Will share a nuance. You can reuse your rear derailleur cable...just put it on the front. But you will need a new rear derailleur cable and some fresh housing because it won't be long enough. Shimano SP41 housing btw is excellent for all groupsets...you can buy it in length...then you will just need a single new rear derailleur cable.
Obtain the PDF for the California Cross from the Specialized website. Also, I created a thread called Demystifying hidden cable routing...worth a read if you didn't set your cables up...or have your bike shop do it if you have them do the work.
Good Luck.


----------



## bernithebiker (Sep 26, 2011)

Hmmmm, now I'm really confused! Because surely if the front shifter cable enters on the right and it's on the LHS of the BB guide, and if the rear shifter cable enters on the left and is on the RHS on the BB guide, then they must cross inside the downtube no?

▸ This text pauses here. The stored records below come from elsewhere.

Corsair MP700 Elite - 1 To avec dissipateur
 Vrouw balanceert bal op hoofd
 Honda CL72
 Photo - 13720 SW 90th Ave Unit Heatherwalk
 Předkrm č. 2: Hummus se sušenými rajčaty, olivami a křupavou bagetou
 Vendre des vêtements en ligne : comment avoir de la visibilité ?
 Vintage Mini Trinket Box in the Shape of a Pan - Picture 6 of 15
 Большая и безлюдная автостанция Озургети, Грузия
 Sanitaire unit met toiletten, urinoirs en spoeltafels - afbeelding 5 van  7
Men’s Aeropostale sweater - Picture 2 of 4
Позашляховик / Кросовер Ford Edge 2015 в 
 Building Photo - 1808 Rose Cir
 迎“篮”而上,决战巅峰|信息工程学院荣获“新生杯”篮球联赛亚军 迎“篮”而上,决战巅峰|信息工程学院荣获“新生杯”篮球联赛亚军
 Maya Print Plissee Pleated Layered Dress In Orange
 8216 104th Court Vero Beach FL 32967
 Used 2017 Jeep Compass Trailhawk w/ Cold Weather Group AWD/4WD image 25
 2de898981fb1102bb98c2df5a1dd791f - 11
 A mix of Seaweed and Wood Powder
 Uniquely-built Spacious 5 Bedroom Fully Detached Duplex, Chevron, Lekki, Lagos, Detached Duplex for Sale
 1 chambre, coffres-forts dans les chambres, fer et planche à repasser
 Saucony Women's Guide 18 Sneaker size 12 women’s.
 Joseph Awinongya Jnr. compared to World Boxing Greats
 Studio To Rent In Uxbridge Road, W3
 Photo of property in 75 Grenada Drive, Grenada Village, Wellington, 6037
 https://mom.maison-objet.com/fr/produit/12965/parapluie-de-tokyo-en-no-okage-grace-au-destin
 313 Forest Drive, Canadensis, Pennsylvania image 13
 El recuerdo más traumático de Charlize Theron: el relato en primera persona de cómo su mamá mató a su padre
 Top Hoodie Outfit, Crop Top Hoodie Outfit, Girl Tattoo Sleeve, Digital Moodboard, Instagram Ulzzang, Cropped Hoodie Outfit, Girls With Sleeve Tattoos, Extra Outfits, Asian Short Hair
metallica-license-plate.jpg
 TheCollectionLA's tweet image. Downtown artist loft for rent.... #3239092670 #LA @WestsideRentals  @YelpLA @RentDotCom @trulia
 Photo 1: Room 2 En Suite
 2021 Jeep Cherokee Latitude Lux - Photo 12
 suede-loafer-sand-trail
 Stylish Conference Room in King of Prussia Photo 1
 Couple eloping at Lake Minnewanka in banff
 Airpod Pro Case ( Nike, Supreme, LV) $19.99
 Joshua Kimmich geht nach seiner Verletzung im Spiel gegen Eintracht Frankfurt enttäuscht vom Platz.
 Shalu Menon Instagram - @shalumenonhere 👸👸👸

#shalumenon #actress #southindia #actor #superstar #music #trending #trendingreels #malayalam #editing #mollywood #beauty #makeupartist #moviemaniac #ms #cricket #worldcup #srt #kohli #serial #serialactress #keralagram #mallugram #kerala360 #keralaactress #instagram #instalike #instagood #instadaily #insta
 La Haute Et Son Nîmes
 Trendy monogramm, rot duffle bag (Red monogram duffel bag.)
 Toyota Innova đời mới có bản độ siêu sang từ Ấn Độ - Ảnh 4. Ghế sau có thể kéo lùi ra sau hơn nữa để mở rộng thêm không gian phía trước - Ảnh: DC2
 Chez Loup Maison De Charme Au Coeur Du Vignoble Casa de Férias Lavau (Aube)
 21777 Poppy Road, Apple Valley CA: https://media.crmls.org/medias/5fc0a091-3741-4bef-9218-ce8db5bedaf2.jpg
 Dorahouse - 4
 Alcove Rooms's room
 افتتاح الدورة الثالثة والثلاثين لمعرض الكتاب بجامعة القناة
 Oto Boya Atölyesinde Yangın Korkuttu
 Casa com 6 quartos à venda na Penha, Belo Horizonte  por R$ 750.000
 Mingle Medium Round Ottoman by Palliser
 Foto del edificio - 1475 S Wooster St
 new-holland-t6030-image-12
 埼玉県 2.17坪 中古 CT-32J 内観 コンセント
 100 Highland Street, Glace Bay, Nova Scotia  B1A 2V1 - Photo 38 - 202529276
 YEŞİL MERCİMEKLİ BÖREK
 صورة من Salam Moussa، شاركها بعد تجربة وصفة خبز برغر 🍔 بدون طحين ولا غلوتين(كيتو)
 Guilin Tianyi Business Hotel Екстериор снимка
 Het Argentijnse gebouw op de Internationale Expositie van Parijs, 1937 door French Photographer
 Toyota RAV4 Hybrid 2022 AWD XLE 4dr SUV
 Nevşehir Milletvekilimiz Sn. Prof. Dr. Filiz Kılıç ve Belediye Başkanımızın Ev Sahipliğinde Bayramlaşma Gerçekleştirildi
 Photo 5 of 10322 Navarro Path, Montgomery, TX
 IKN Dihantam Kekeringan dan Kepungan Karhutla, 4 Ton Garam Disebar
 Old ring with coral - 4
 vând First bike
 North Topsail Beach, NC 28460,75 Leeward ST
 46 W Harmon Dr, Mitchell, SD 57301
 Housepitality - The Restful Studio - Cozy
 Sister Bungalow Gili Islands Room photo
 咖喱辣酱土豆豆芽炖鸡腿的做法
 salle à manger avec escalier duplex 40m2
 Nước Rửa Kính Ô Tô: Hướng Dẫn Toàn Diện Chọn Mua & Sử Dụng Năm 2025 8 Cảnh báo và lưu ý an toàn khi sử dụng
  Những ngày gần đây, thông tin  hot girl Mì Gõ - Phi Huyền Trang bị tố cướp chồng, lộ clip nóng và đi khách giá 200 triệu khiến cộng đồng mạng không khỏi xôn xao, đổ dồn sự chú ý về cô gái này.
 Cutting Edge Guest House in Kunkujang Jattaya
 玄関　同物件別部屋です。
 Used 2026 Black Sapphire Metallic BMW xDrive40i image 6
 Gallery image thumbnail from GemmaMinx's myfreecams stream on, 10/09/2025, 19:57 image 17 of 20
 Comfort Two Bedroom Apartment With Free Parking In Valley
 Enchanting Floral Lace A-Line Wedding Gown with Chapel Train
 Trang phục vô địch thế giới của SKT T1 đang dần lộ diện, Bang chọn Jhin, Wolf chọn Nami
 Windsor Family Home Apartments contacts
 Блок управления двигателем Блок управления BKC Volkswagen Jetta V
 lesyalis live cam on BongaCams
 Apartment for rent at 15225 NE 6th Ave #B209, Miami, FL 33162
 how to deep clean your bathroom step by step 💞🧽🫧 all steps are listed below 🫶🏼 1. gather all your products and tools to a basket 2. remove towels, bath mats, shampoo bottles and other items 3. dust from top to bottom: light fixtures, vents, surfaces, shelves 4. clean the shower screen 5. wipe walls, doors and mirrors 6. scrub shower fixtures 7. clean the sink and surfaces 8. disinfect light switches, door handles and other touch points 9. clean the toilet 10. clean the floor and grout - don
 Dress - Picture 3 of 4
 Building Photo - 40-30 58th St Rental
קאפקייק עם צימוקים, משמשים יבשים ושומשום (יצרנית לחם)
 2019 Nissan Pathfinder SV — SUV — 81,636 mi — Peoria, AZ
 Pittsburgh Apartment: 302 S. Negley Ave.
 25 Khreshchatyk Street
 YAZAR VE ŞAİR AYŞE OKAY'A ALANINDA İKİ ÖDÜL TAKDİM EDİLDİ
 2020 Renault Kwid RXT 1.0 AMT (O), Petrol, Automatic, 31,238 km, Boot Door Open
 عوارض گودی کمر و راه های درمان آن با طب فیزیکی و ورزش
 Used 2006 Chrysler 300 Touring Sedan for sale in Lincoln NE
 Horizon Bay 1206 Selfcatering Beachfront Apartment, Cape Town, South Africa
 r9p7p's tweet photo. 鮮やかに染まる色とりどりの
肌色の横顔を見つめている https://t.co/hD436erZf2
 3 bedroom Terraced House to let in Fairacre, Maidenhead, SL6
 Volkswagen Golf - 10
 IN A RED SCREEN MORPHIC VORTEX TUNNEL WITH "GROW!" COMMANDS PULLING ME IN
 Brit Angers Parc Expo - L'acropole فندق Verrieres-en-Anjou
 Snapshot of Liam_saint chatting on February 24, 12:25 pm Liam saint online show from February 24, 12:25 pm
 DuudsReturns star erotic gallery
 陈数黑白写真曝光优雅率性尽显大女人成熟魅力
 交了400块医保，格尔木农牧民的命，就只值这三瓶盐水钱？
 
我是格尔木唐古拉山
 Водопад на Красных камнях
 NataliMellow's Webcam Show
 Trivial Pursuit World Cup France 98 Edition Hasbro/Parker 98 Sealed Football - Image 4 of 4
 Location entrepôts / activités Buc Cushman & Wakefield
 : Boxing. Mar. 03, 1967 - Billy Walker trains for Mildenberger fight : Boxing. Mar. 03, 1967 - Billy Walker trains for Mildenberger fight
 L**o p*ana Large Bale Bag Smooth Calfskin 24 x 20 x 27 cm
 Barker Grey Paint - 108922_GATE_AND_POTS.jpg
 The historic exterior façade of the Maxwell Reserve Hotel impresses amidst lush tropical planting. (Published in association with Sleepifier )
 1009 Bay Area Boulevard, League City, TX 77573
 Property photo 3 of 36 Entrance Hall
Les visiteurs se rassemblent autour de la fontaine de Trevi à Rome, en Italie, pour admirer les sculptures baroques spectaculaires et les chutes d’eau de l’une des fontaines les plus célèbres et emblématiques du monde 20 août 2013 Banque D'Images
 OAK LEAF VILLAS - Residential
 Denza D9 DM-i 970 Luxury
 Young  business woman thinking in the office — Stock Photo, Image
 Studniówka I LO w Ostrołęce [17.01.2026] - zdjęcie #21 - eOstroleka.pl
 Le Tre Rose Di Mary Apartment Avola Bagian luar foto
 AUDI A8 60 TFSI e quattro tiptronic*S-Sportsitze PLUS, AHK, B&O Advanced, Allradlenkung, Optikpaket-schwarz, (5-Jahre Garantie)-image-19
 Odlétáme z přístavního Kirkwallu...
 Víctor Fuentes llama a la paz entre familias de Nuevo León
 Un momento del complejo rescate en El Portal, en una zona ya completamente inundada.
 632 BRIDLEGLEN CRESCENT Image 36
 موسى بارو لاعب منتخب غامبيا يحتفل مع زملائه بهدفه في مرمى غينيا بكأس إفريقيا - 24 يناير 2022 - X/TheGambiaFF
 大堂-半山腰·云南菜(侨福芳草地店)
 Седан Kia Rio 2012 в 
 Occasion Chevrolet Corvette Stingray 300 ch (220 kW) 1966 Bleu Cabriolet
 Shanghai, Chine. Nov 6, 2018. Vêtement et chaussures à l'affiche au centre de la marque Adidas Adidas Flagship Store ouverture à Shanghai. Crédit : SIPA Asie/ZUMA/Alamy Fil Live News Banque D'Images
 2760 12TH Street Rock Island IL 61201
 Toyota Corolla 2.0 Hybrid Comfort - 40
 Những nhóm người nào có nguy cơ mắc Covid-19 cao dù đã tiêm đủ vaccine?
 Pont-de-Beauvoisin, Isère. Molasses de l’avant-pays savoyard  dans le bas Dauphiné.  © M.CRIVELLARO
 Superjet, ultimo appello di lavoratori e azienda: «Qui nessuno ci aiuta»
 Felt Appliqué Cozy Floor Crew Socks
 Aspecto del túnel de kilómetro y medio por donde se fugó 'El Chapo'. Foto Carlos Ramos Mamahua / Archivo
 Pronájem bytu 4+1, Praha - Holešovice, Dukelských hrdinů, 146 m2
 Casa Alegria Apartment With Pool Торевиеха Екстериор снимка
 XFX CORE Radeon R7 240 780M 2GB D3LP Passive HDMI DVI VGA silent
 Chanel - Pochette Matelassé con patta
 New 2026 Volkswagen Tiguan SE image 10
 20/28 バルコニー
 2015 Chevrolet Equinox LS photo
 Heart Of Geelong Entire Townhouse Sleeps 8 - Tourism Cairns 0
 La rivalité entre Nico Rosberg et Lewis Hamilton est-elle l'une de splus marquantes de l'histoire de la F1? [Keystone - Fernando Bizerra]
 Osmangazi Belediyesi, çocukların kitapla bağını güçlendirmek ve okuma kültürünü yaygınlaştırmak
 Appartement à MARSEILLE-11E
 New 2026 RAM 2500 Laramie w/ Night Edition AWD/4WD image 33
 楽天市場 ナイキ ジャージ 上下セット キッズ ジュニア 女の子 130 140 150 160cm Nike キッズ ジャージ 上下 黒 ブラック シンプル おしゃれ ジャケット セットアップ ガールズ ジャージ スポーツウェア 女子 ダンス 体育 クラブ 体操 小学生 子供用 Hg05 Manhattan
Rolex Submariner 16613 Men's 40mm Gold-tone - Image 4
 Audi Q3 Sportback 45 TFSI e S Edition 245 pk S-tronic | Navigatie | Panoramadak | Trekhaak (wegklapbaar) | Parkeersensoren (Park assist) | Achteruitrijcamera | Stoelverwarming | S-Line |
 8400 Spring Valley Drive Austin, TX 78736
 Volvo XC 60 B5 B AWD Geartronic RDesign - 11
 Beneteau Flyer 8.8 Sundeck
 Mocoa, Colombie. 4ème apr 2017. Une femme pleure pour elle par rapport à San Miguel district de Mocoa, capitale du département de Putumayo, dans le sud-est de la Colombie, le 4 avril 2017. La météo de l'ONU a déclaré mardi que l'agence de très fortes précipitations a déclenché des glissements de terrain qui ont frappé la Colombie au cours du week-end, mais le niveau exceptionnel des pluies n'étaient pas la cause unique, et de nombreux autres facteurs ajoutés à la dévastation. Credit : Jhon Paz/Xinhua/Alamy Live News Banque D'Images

I should point out that my brakes are UK/motorbike setup, i.e. left lever controls rear brake, right, the front.


----------



## bernithebiker (Sep 26, 2011)

OK coolio. Here we go;

Left shifter = front derailleur
Right shifter = rear derailleur.

All normal so far.

Left brake lever = rear brake
Right brake lever = front brake.

All UK bicycles are done like this, and if you think about it, it makes more sense, as it's the same as a motorbike. Anyway, I digress......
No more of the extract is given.